Keep the images out while you set down the data exactly.

### Raw data

········

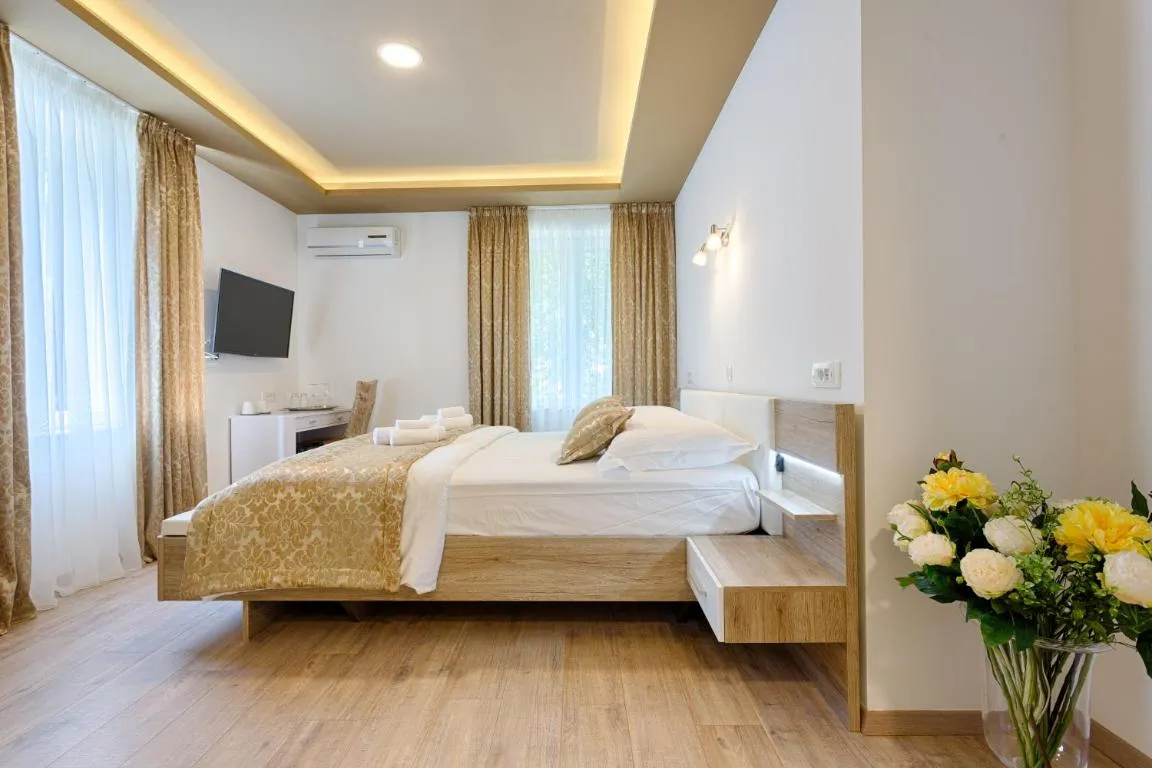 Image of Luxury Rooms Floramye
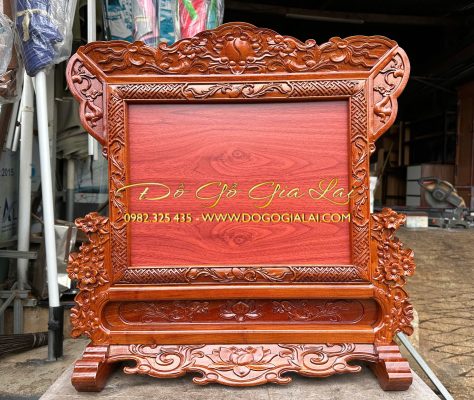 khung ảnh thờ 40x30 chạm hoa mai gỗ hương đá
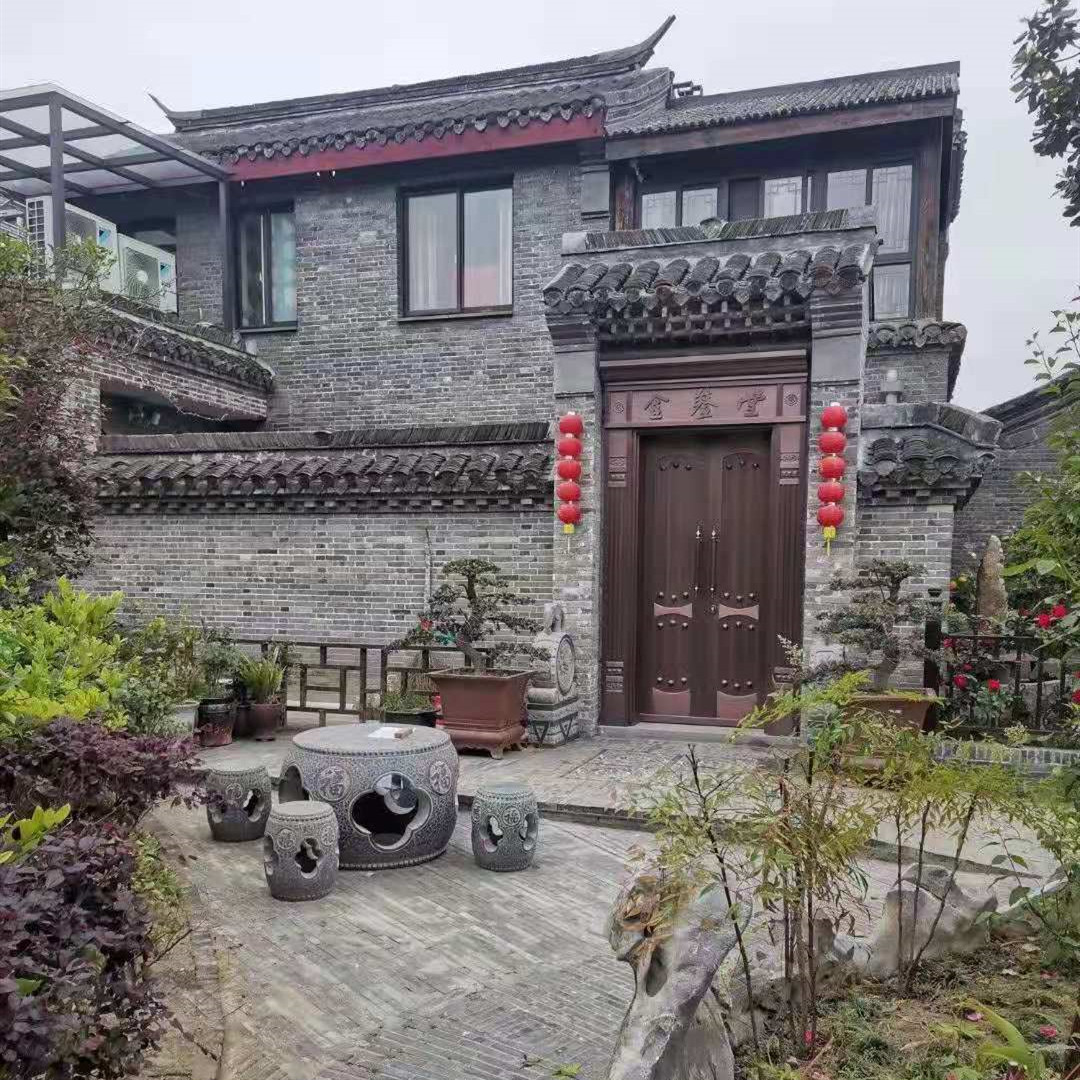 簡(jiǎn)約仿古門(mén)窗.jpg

········

### Response to the task
 Image of Luxury Rooms Floramye
 khung ảnh thờ 40x30 chạm hoa mai gỗ hương đá
 簡(jiǎn)約仿古門(mén)窗.jpg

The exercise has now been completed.